What needs to be done:
Once the line containing "Cách nhận biết" is found in the records below, return it and each following line exactly, up to and including the line containing "COOKER KING 28cm", and nothing else.

[Stored data entries]

* * *

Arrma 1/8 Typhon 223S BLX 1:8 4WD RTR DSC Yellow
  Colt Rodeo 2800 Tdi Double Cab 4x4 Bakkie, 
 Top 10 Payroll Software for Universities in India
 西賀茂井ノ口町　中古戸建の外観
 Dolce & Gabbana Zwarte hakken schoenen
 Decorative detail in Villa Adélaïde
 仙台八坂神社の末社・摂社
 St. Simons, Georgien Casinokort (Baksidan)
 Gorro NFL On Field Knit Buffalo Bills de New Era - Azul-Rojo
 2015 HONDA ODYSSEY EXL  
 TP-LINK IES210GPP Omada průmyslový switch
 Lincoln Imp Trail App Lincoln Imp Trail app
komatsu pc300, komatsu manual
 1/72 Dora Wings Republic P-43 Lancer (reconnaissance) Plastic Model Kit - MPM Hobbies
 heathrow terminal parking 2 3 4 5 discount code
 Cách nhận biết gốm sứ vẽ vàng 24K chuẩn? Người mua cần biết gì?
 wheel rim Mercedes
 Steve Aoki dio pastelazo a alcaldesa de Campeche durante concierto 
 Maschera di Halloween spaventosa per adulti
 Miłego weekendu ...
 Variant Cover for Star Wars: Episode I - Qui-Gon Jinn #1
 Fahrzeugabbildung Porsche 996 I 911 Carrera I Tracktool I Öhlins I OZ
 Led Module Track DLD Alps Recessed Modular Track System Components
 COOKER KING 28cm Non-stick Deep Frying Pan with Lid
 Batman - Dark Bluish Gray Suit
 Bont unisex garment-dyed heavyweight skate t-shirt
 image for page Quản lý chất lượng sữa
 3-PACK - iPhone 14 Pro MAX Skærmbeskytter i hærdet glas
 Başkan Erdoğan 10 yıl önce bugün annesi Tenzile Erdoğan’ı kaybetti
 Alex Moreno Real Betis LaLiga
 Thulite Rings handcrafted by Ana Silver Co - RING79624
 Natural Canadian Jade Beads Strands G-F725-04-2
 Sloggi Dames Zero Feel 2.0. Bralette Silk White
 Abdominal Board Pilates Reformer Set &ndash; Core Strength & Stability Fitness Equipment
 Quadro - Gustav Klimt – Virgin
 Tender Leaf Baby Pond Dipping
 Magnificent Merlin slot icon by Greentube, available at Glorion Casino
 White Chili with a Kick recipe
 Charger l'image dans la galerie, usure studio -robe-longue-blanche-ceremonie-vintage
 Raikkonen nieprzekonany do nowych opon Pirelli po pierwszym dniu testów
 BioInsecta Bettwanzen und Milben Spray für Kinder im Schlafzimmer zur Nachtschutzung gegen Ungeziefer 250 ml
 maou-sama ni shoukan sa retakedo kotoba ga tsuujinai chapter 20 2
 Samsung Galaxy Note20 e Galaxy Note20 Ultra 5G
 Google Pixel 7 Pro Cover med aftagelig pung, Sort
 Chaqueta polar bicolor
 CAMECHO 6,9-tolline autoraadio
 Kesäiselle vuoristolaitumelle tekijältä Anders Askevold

* * *

Result for this task:
 Cách nhận biết gốm sứ vẽ vàng 24K chuẩn? Người mua cần biết gì?
 wheel rim Mercedes
 Steve Aoki dio pastelazo a alcaldesa de Campeche durante concierto 
 Maschera di Halloween spaventosa per adulti
 Miłego weekendu ...
 Variant Cover for Star Wars: Episode I - Qui-Gon Jinn #1
 Fahrzeugabbildung Porsche 996 I 911 Carrera I Tracktool I Öhlins I OZ
 Led Module Track DLD Alps Recessed Modular Track System Components
 COOKER KING 28cm Non-stick Deep Frying Pan with Lid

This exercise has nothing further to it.